Best of 2013 Movie Review: Rush

Behind great masterpieces, from Apollo 13 and The Da Vinci Code, to minor disappointments like the live-action How the Grinch Stole Christmas, director Ron Howard has the dedication and skill of an amazing and visual director. Now, with last year's Rush, Howard has again proven he can create visually stunning depictions of real-life legends.

Rivals to each other from their first encounter, playboy racer James Hunt (Chris Hemsworth) and strategic rookie Niki Lauda (Daniel Brühl) take to the track in this high-octane thriller about risk, tragedy, and the will to win. What begins as child's play on the fast track towards winning and popularity, ultimately leads to two rivals who find out what is truly at stake once you're behind the wheel. Depicting the true and frightening story of two tragic heroes of the track, Rush grabs hold of you from the start, takes you on a heart-stopping ride, and then finishes off with an earth-shattering halt that will leave you breathless.

Of the racing films I saw last year, which was surprisingly limited to Fast and Furious 6 (which may not count to some people), Rush was one of the best I've seen so far. With its fast, loud, and sleek design, the cars of the Formula One model made this film what it is, a roaring speed demon of thrills and vigorous driving. The racing scenes were probably the most prominent feature of this film, unleashing Ron Howard's visual skills, along with his excellent way of shooting a fast-paced race. While the races were of course fast-paced, so were the sequences of the races. Cycling between races and going from Spain to Japan in nearly 30 minutes, Ron Howard speeds through time, but still manages to keep the story grounded. While the races go fast, the story remains at a nice speed that allows the audience to appreciate the characters and the struggles surrounding them.

The cast of the film was surprisingly good, like it always is for most historical biopics.
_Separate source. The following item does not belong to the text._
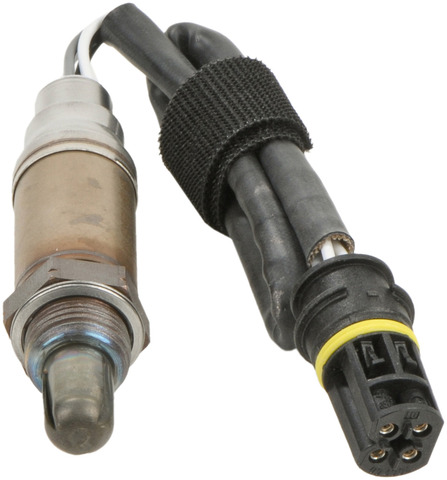 Bosch 13582 Oxygen Sensor For MERCEDES-BENZ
The two leading rivals, James Hunt and Niki Lauda are played by the charming Chris Hemsworth (Thor: The Dark World) and brilliant newcomer Daniel Brühl (The Fifth Estate). The casting of these two was probably the best choice Ron Howard made, bringing in Hemsworth for the role of a playboy and Brühl as a strategist on the track. Both did excellently, playing tough roles of real-life rivals who despise each other at first, then later learn something from one another. While Hemsworth delivered as an excellent, cocky, sex-crazed Hunt, it was Brühl who stole the show for me, playing a smart, calculated Austrian who suffers a tragic accident in the film. Delivering an inspiring narration telling of his experiences with Hunt, racing, and his wife (Alexandra Maria Lara), Brühl embodies Lauda with his voice and his determined actions on and off the track. Another star of the film, Olivia Wilde, who plays Hunt's wife, was great in the film, falling for Hunt at first, but then realizing that it wasn't worth it because of his risky and arrogant behavior.

Once again, the masterful score of Hans Zimmer has hit my eardrums and claimed my praise. Scoring some of my favorite films, from Man of Steel to The Dark Knight Rises, along with one of last year's best films 12 Years a Slave, Zimmer is still one of my favorite composers, bringing such powerful sounds to the thrills on-screen. This time around, the thrills meet the race track, as Zimmer's fast-paced music pounds as the racers speed past you in a blazing blur of metal and burnt rubber. Zimmer also delivers peaceful sounds that accompany the emotional parts of the story, and profound "blares" at just the right moments. Without Zimmer's music, I don't think this film would be nearly as good as it is with it. I'm looking forward to Zimmer's next projects, from his next Christopher Nolan collaboration of Interstellar to the new Spider-Man sequel as well.

Overall, the film is the perfect racing film for any thrill-seeker or car-lover out there. Bringing together the perfect mix of excellent casting, amazing visuals, profound music, and intelligent writing, Rush is a film I was happily glad I finally saw in theaters, in order to experience every mesmerizing detail of this inspiring yet tragic tale of racing rivals and determined survivals.

I gave this film a 9 out of 10 because of its mesmerizing characters fueled by desire and fame, its stunning visuals that made racing even more exciting, and its amazing depiction of the most vigorous rivalry in all of Formula One racing history.